PROBLEM STATEMENT:
Write out word for word the lines from the one holding "Passform in Weiß" through the end of the data, and only those lines. Pictures stay out.

PROVIDED DATA:
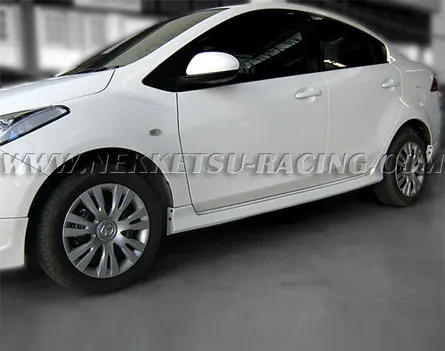 ชุดแต่งรอบคัน Mazda2 รุ่น 4 ประตู ทรง Sporty – ภาพที่ 2
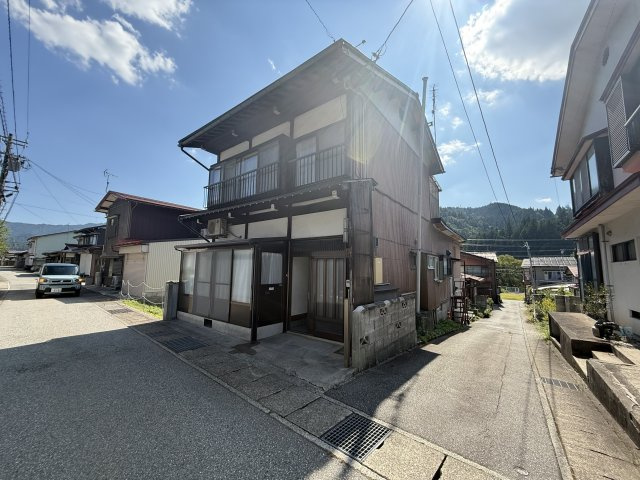 2026/2/28成約　戸建　飛騨市神岡町坂富　50万（2025/11/10新規、12/24　価格変更）の外観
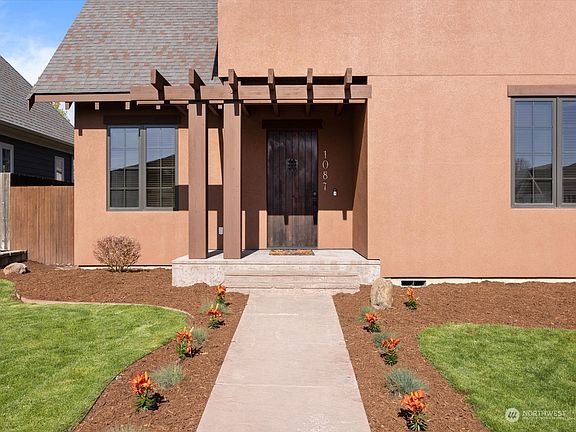 2nd image of 1087 SE Crestlane Drive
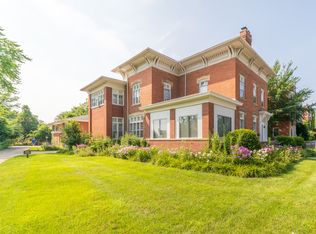 15 S View St APT 1, Aurora, IL 60506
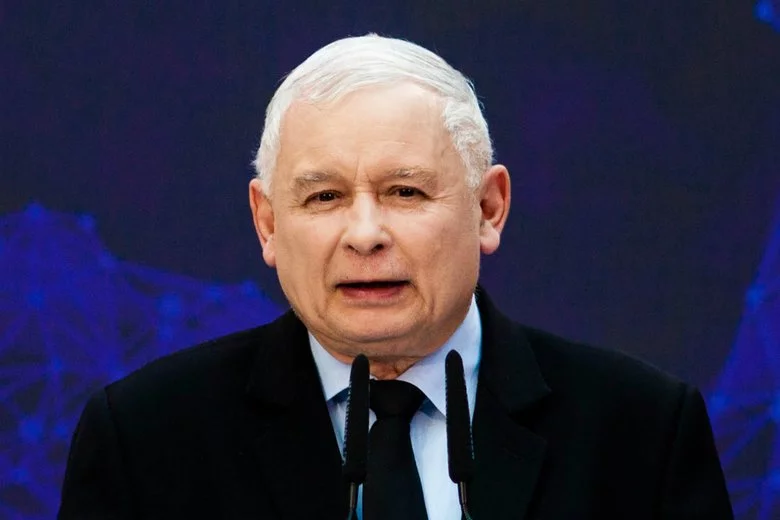 Jarosław Kaczyński może być zadowolony z wyników nowego sondażu przed wyborami do PE. PiS wyprzedza Koalicję Europejską.
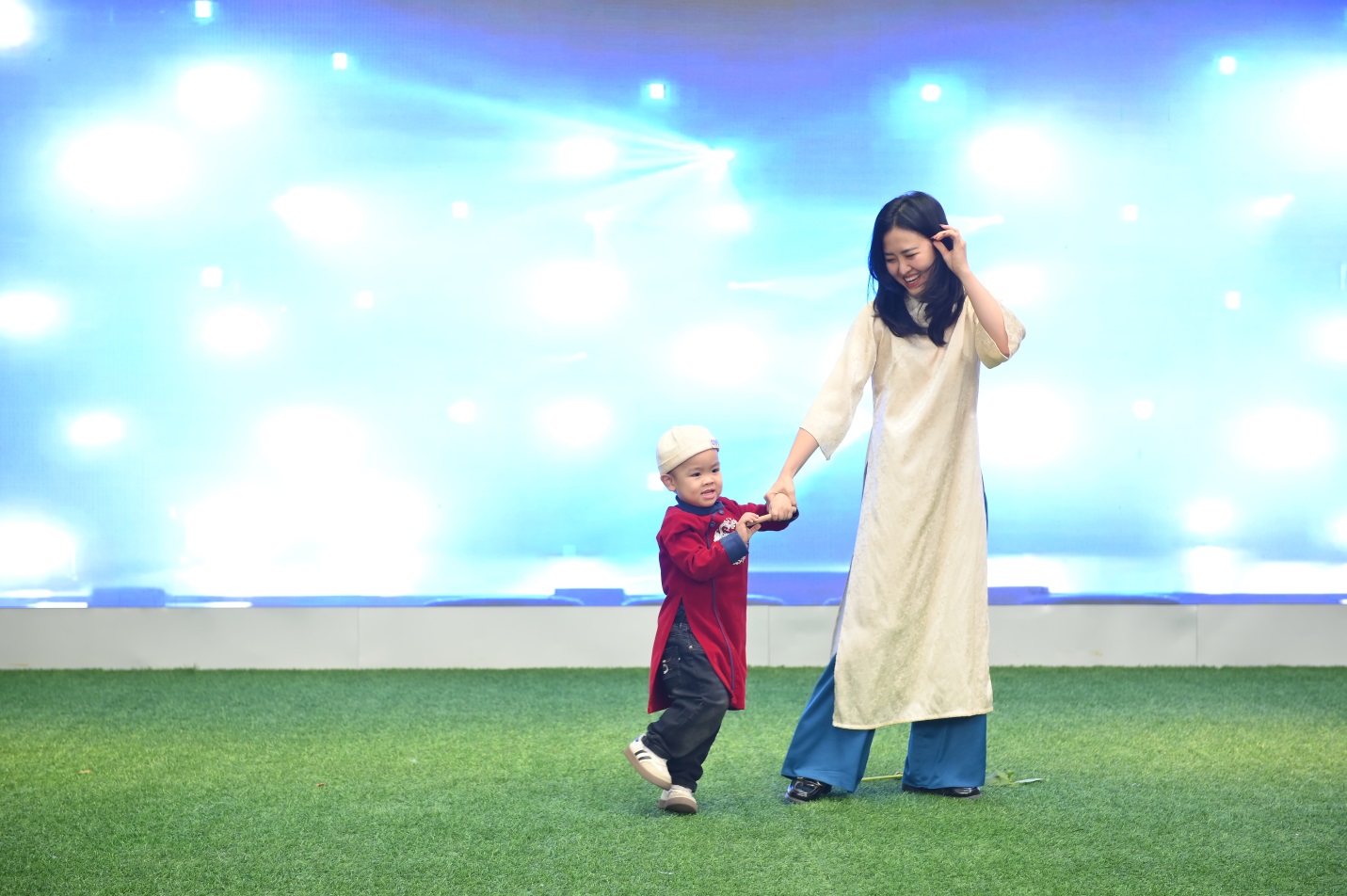 D:\ẢNH\chao xuan at ty 2025\PPX_0156.JPG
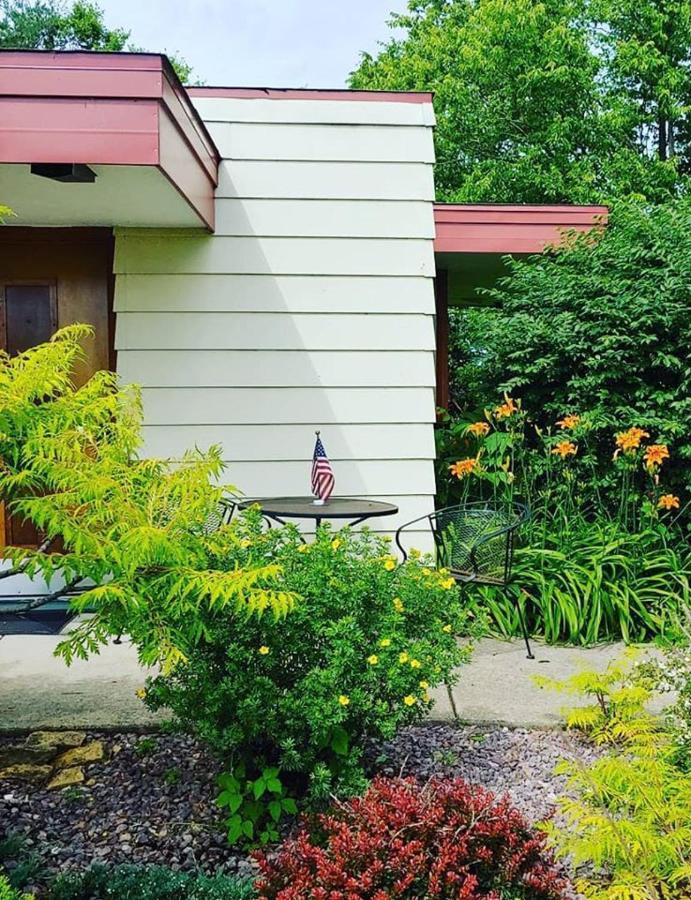 The Usonian Inn Llc Spring Green Exteriér fotografie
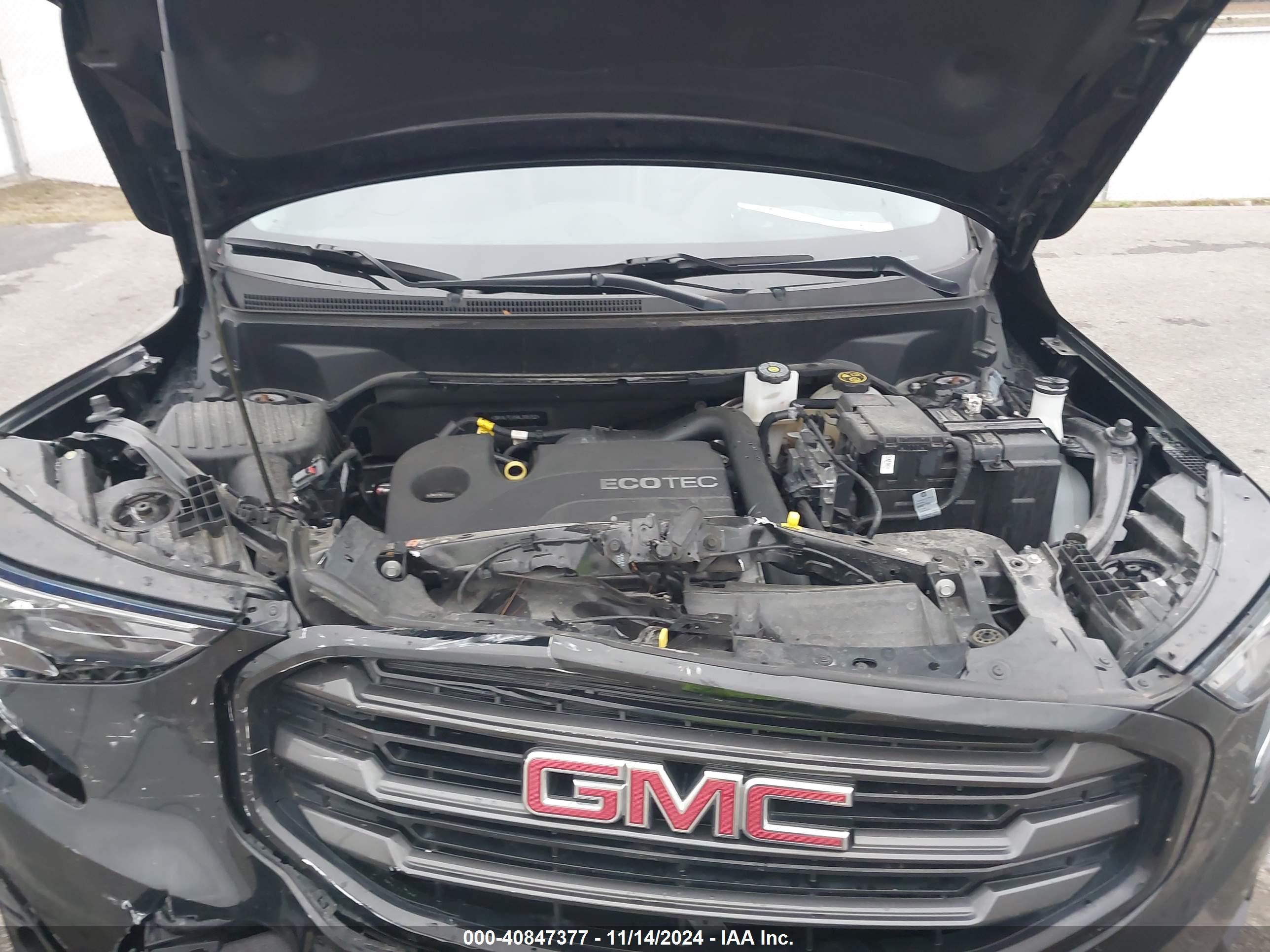 GMC TERRAIN image 10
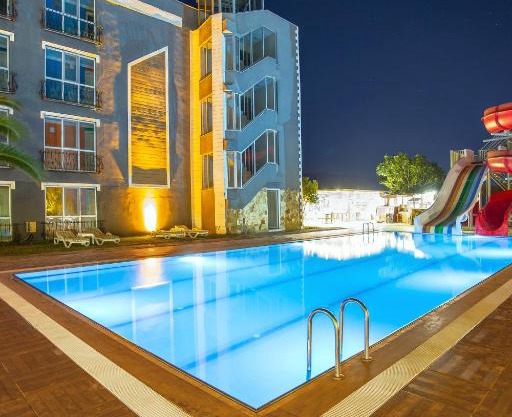 Aqua Nina Hotel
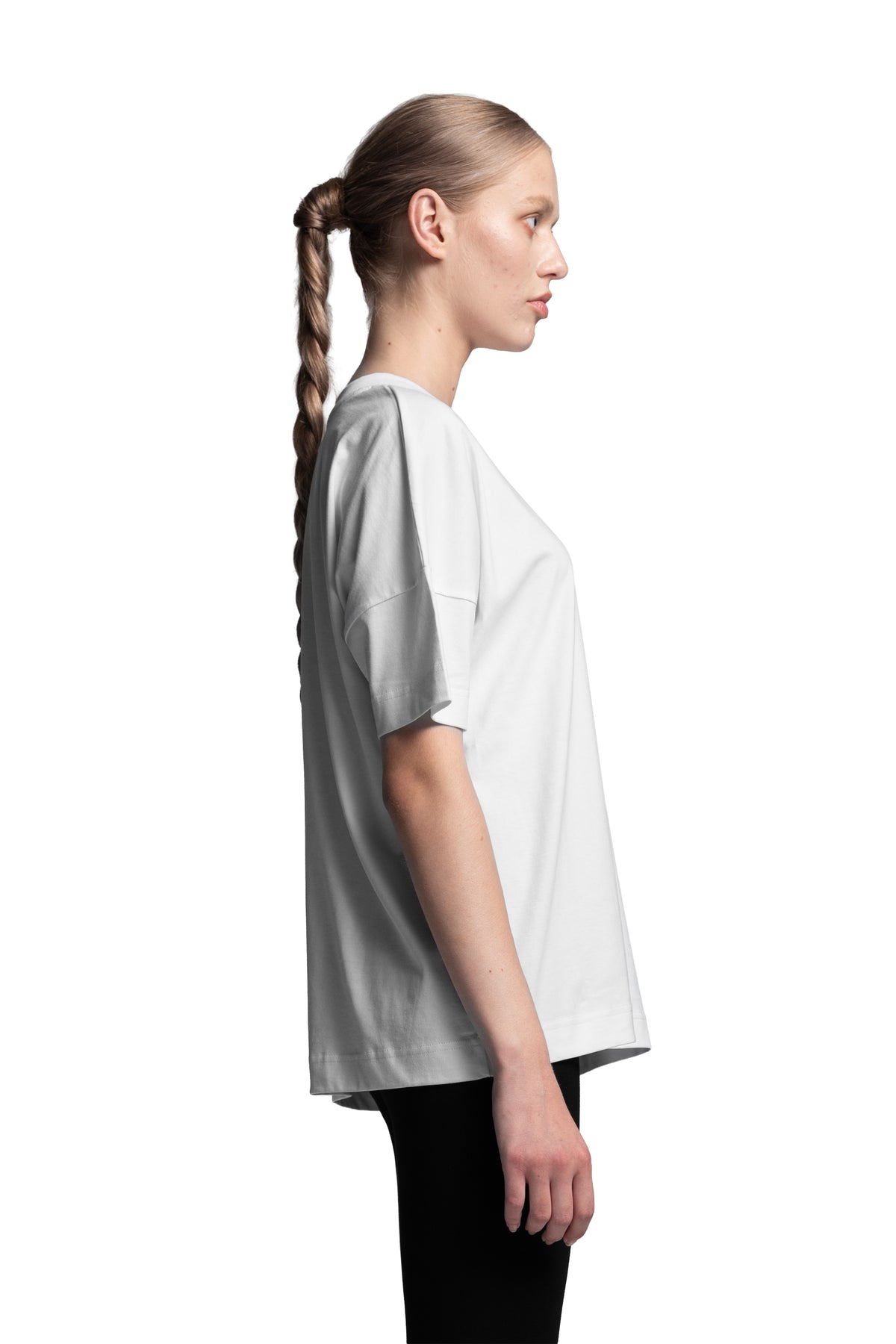 "FRUGAL AESTHETICS" T-Shirt regular Passform in Weiß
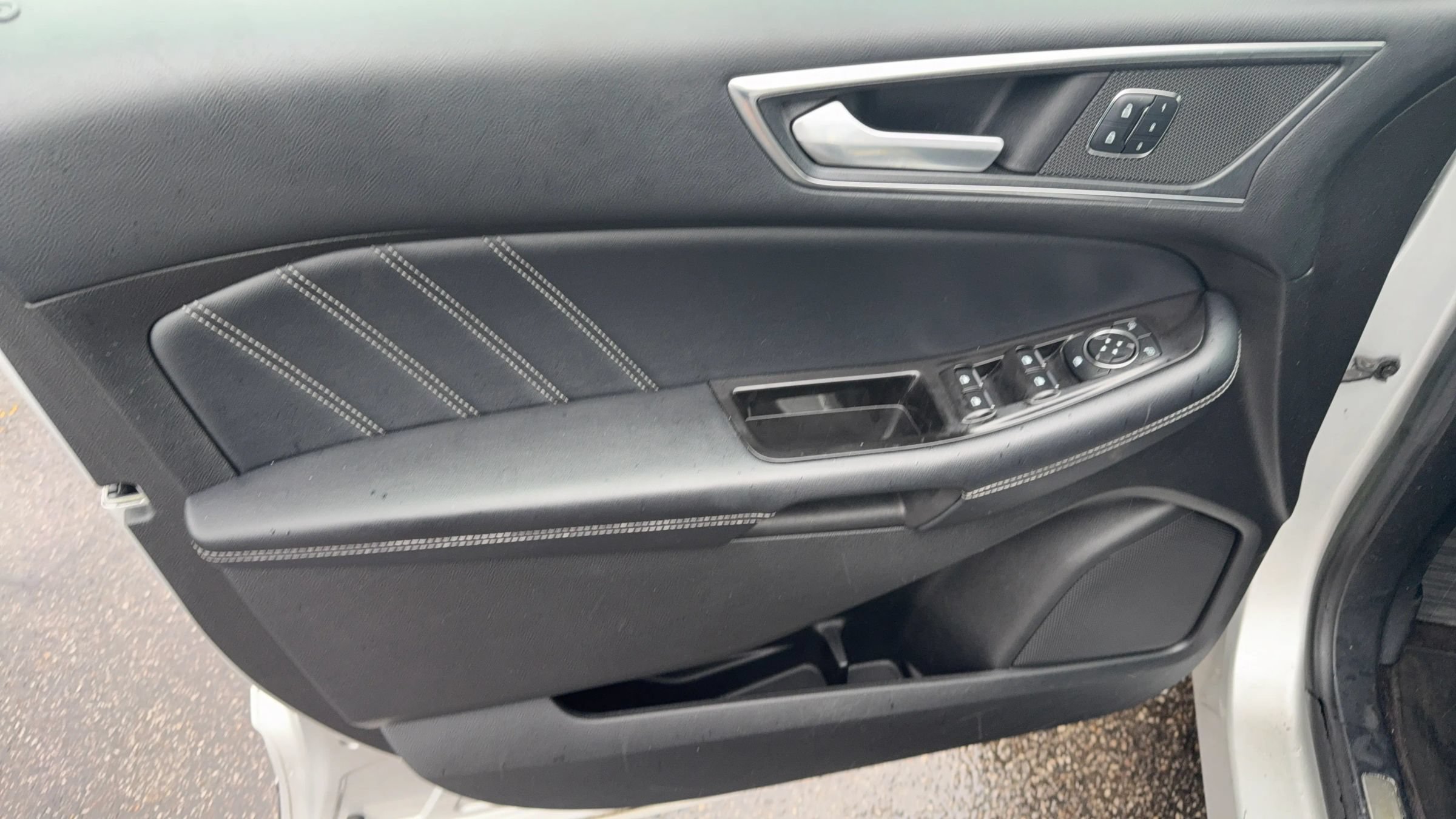 Used 2017 Ford Edge Sport w/ Cargo Accessory Package AWD/4WD image 9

PROBLEM SOLUTION:
 "FRUGAL AESTHETICS" T-Shirt regular Passform in Weiß
 Used 2017 Ford Edge Sport w/ Cargo Accessory Package AWD/4WD image 9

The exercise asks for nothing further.